Price calls Echelon "co-opetitive" because while you're ultimately working together to ensure group survival, the constant money drops – essentially experience points – are something teammates will scramble to grab. With collected cash, players can purchase and upgrade abilities, and progress in Fuse carries across all game modes.
"Part of our goal here is to make this a friendly game – if you've had experiences in multiplayer games before where you jumped in and had your head blown off in the first couple seconds, we don't want that to happen in Fuse," Insomniac CEO Ted Price told Joystiq. "We want Fuse to be a game where you're actually working with players and competing for cash and status. But it's always a friendly competition."

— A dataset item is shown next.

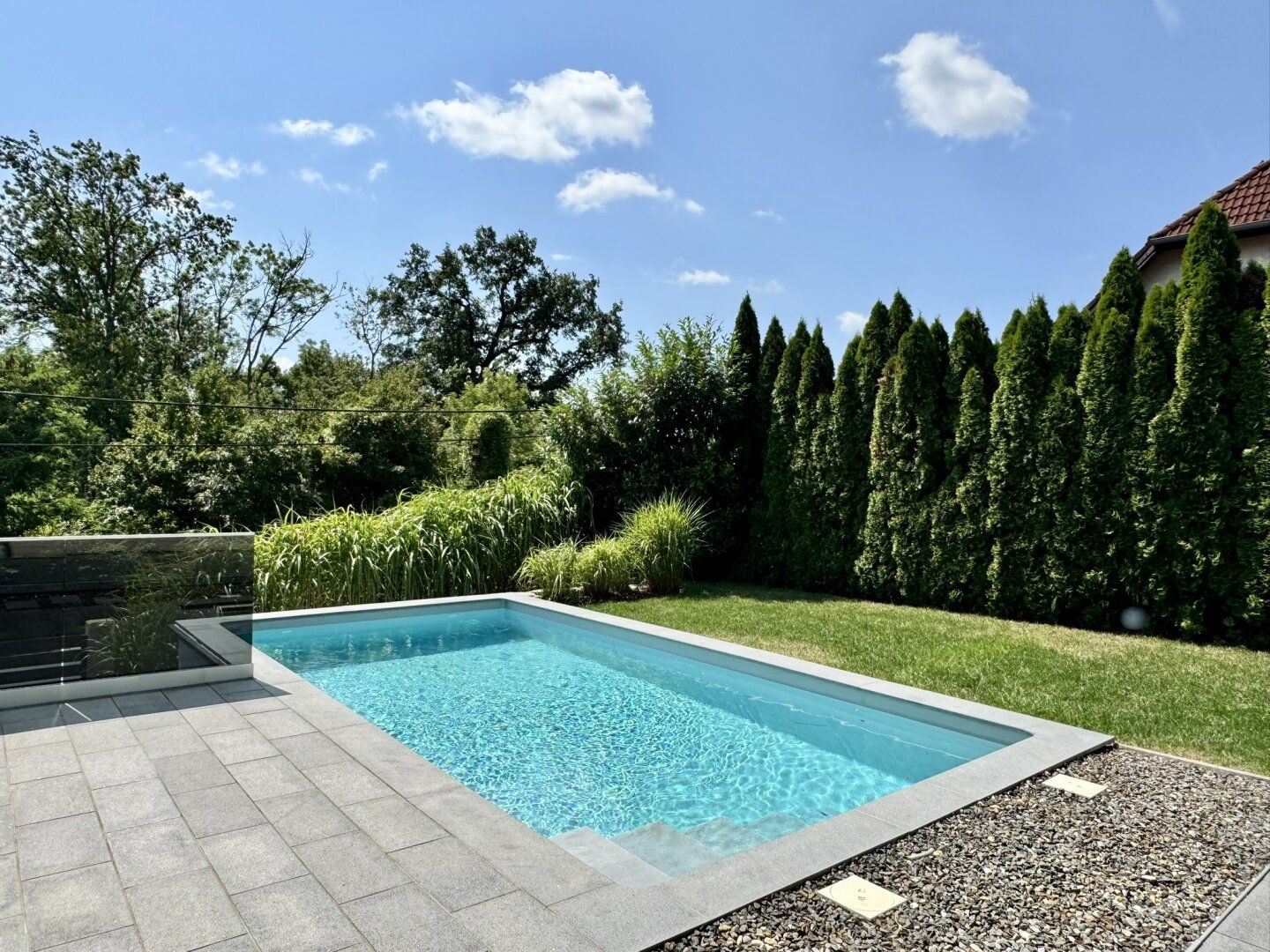 Modernes Haus mit Garten, Pool und Fernblick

I found Echelon mode to be an improvement over the stale wave-based combat formula, with the interplay between the four main characters' weapons in Fuse providing a seemingly endless variety to the conflict. Those big chain combos when teammates are working together are so satisfying, providing seconds of sweet ignorant bliss as I forgot I was playing a variant of Horde mode.
"It's pretty tough. Keep in mind we're still tuning things," Price told me following my session with three other video game journalists. "As every developer will tell you, you get pretty good at playing your own game and your QA teams get pretty good. What's nice is that even though it is tough, people are using the weapons in the way that we designed them, in some cases naturally coming together to work as a team because you have to."
In fact, one boss wave turned into homicide by disintegration. A massive robot picked up my character and melted him on a molecular level with its chest laser. It was a pretty great sequence – I desperately pounded on the controller to try and get free as I watched its chest laser slowly warm up then fire.